Your task
Please write out the whole listing that follows exactly; the pictures stay out.

Records shown
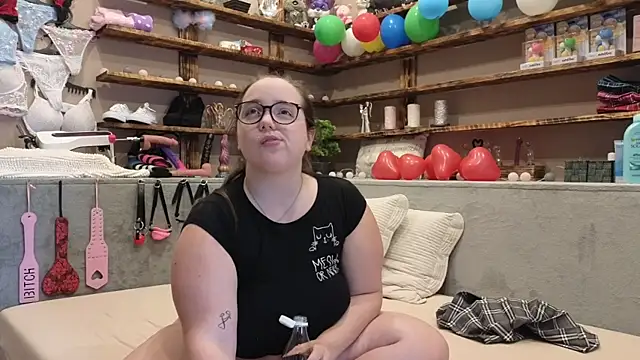 Snapshot of Kimberly-Caprice chatting on 17, 3, 2025 Kimberly-Caprice online show from 17, 3, 2025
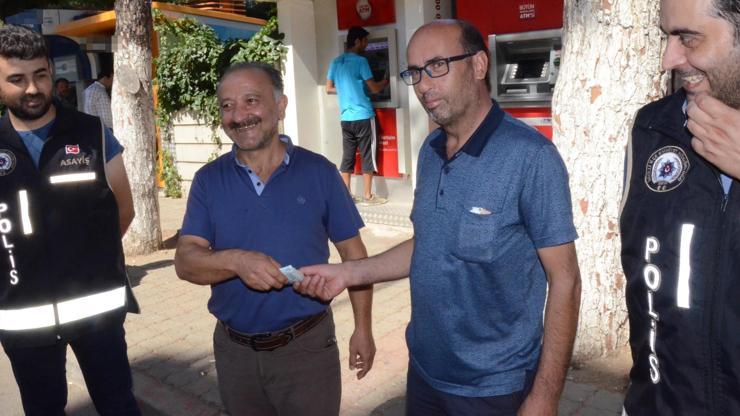 ATMde unutulan parayı sahibine ulaştırdı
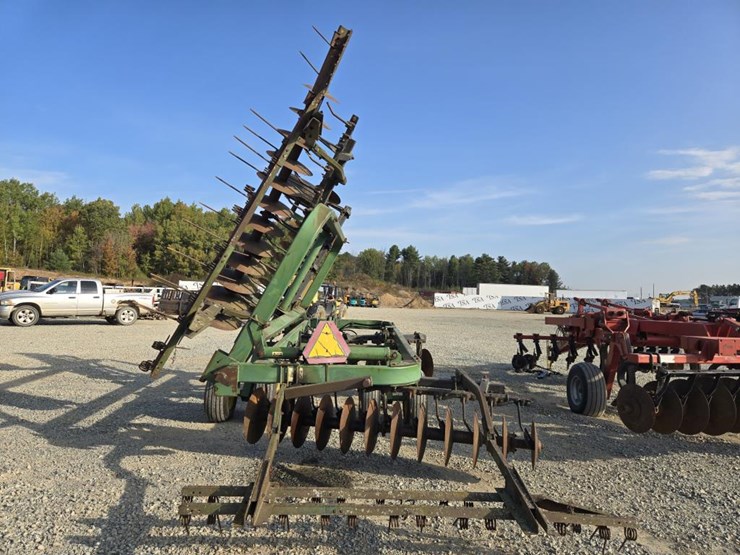 john-deere-235-image-6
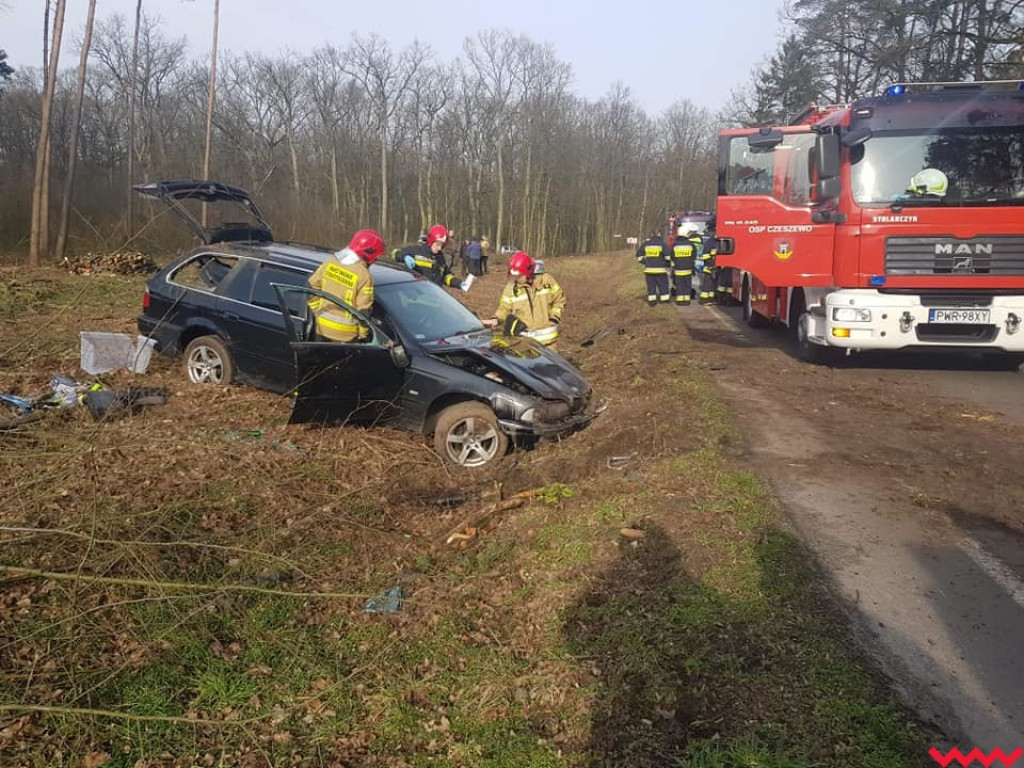 BMW na zakręcie wypadło z drogi i dachowało. Kierowca był pijany w sztok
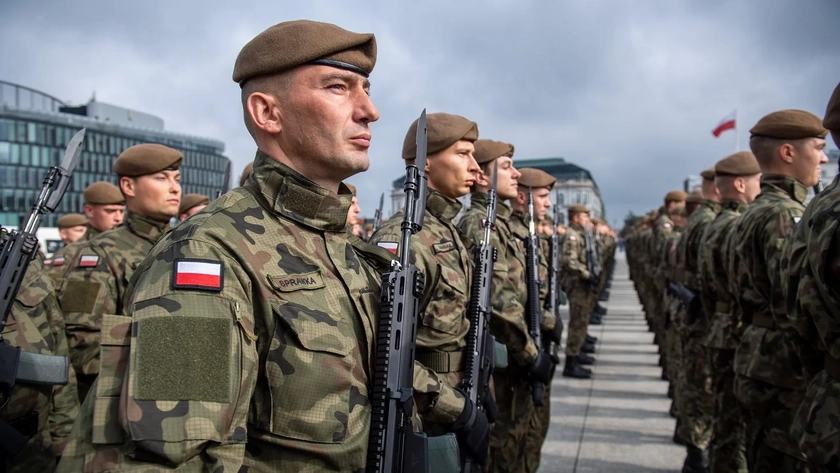 Польща створює центр для впровадження бойового досвіду України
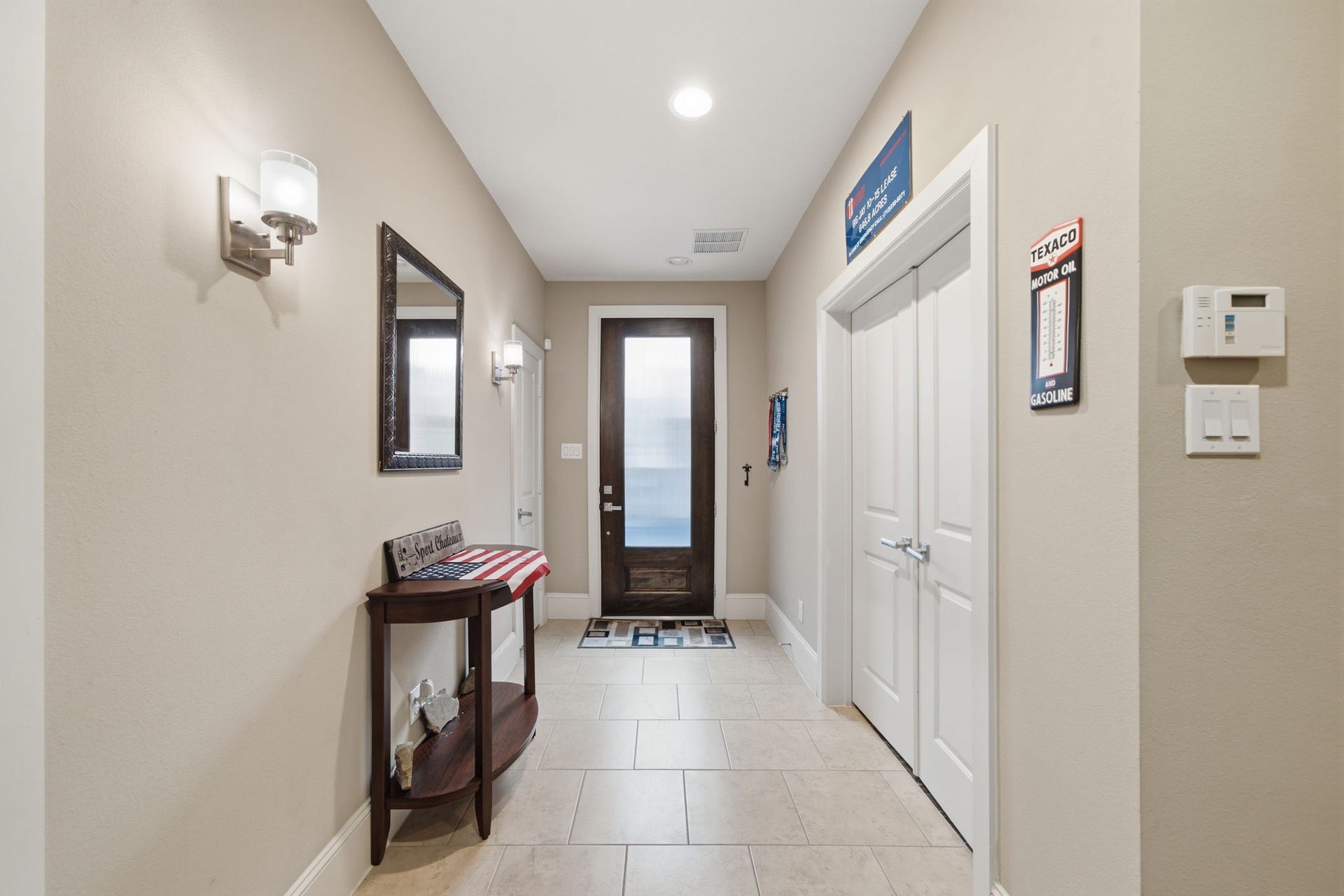 5531 Venice Street, Houston, TX 77007 Just off the foyer, you'll find a private first-floor bedroom complete with its own closet, making it ideal for guests, a home office, or a quiet retreat.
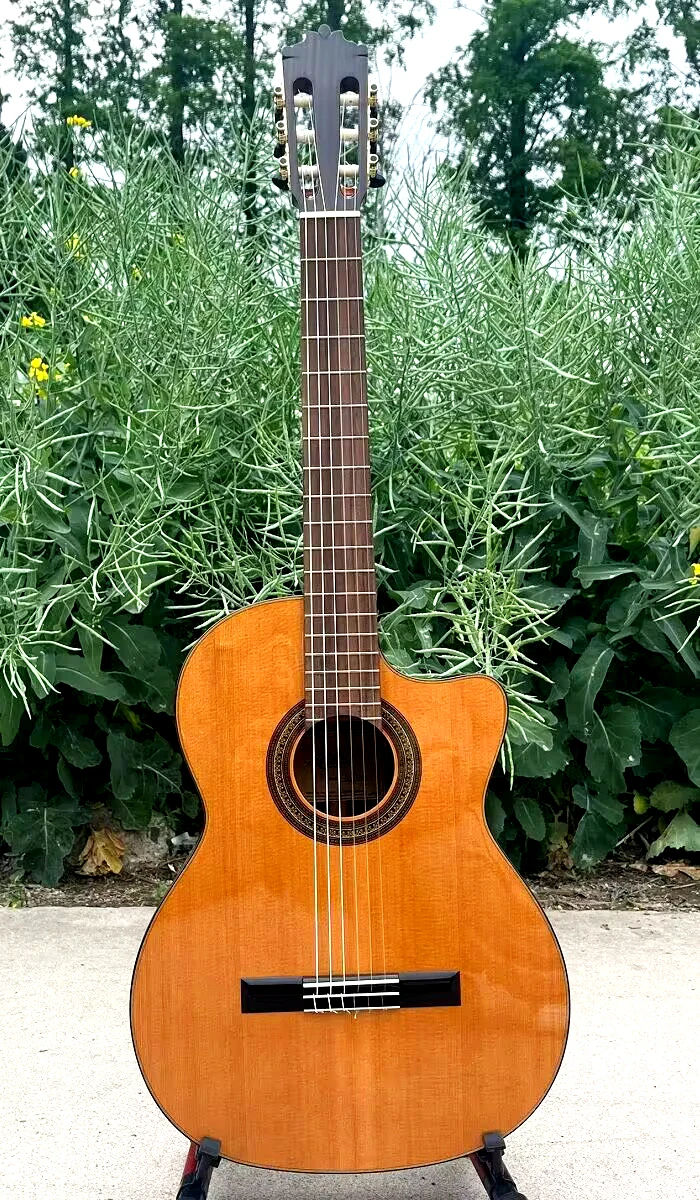 Cutaway-Gitarre aus massiver Zederholz, klassische spanische Gitarre, handgefertigt, für professionelle Auftritte geeignet. – Detail 1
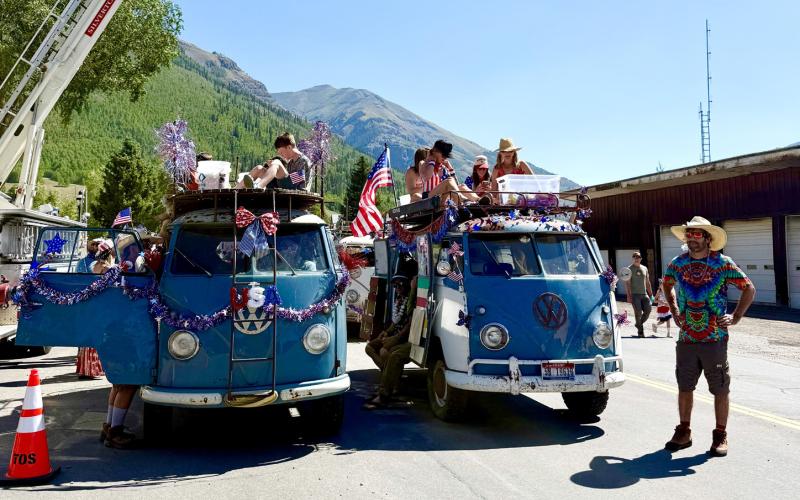 The Vintage VW Bus bragade is always fun to see at the parade photo by DeAnne Gallegos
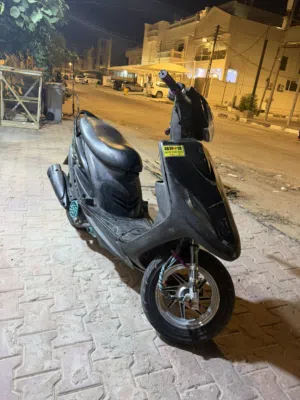ماكس عدله دراجه جديده ونضيفه ومكينه وشاصي ومختومه كله ختم واحد يعني تأخذه وتروح لا تتعب ولاشي بس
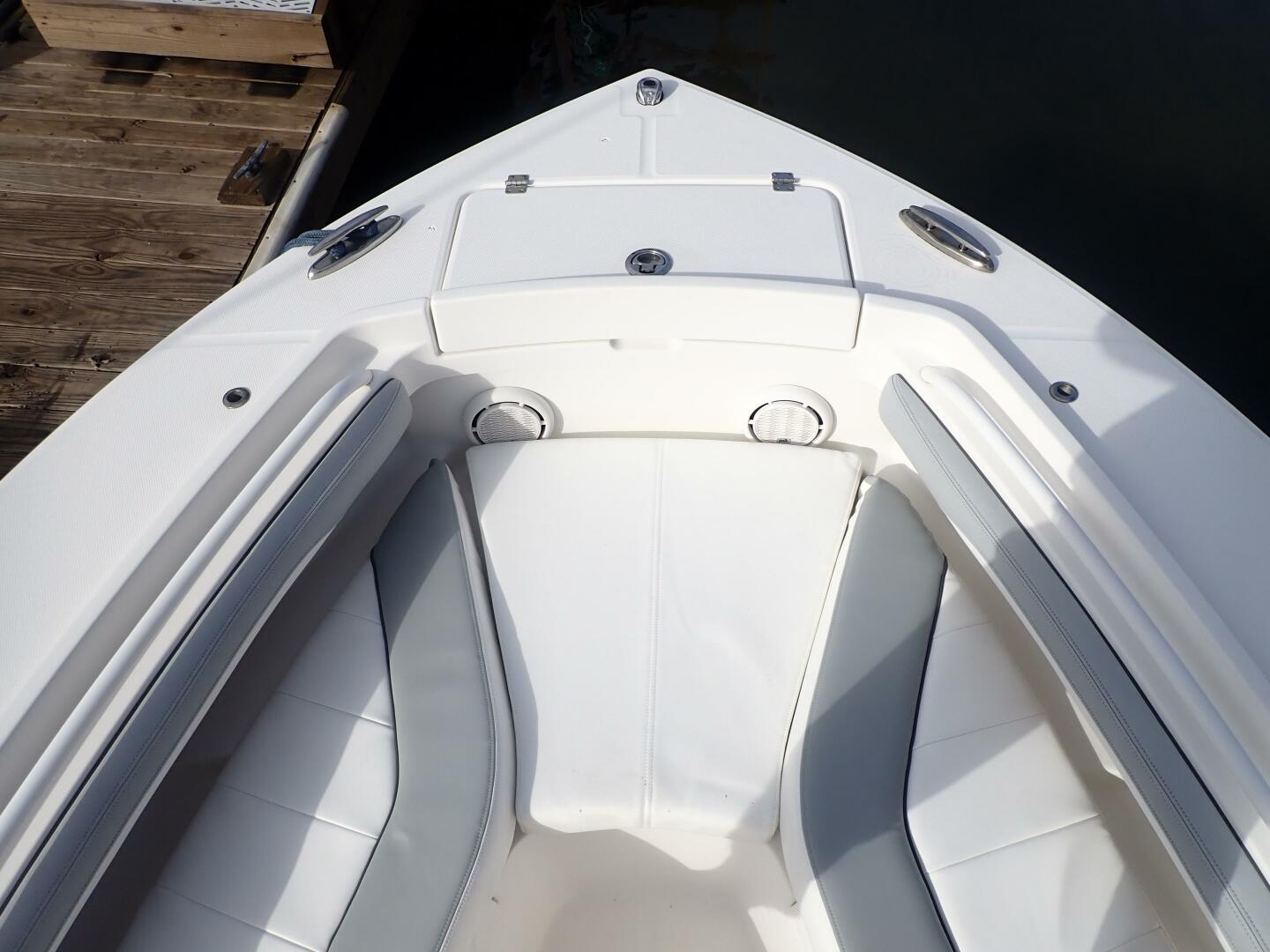 23ft Regulator Yacht For Sale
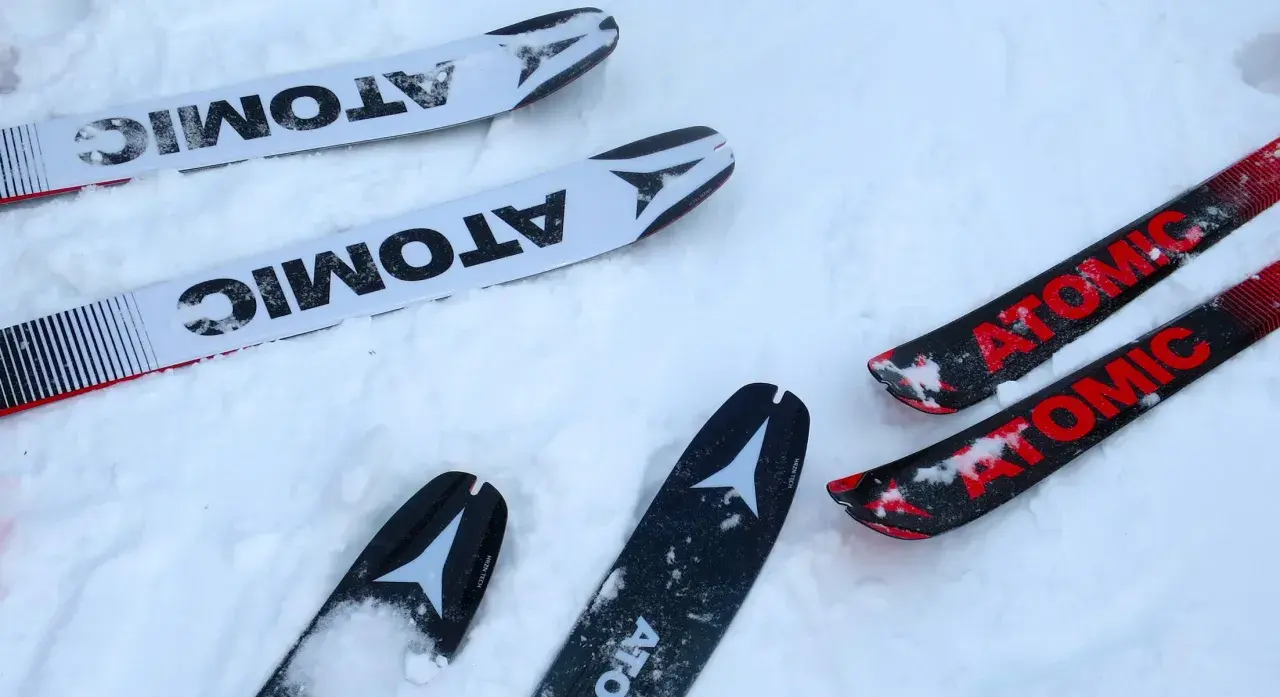 Atomic Backland 85 Test: Zwei Paar Atomic-Ski liegen im Schnee, bereit für den Einsatz.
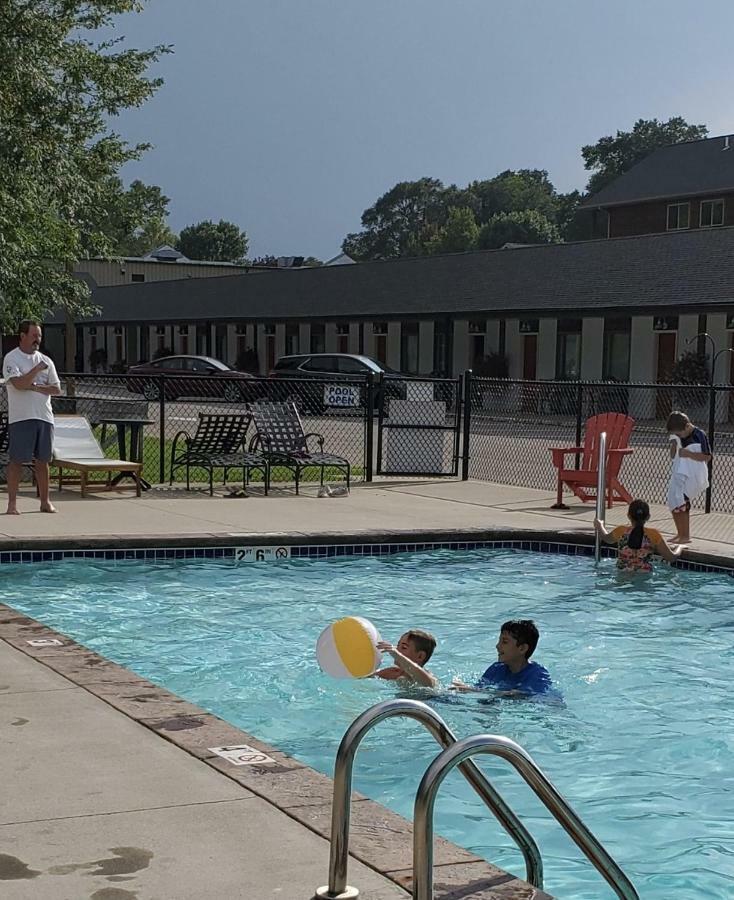 Vintage Block Inn & Suites Okoboji Eksteriør billede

Answer space
 Snapshot of Kimberly-Caprice chatting on 17, 3, 2025 Kimberly-Caprice online show from 17, 3, 2025
 ATMde unutulan parayı sahibine ulaştırdı
 john-deere-235-image-6
 BMW na zakręcie wypadło z drogi i dachowało. Kierowca był pijany w sztok
 Польща створює центр для впровадження бойового досвіду України
 5531 Venice Street, Houston, TX 77007 Just off the foyer, you'll find a private first-floor bedroom complete with its own closet, making it ideal for guests, a home office, or a quiet retreat.
 Cutaway-Gitarre aus massiver Zederholz, klassische spanische Gitarre, handgefertigt, für professionelle Auftritte geeignet. – Detail 1
 The Vintage VW Bus bragade is always fun to see at the parade photo by DeAnne Gallegos
ماكس عدله دراجه جديده ونضيفه ومكينه وشاصي ومختومه كله ختم واحد يعني تأخذه وتروح لا تتعب ولاشي بس
 23ft Regulator Yacht For Sale
 Atomic Backland 85 Test: Zwei Paar Atomic-Ski liegen im Schnee, bereit für den Einsatz.
 Vintage Block Inn & Suites Okoboji Eksteriør billede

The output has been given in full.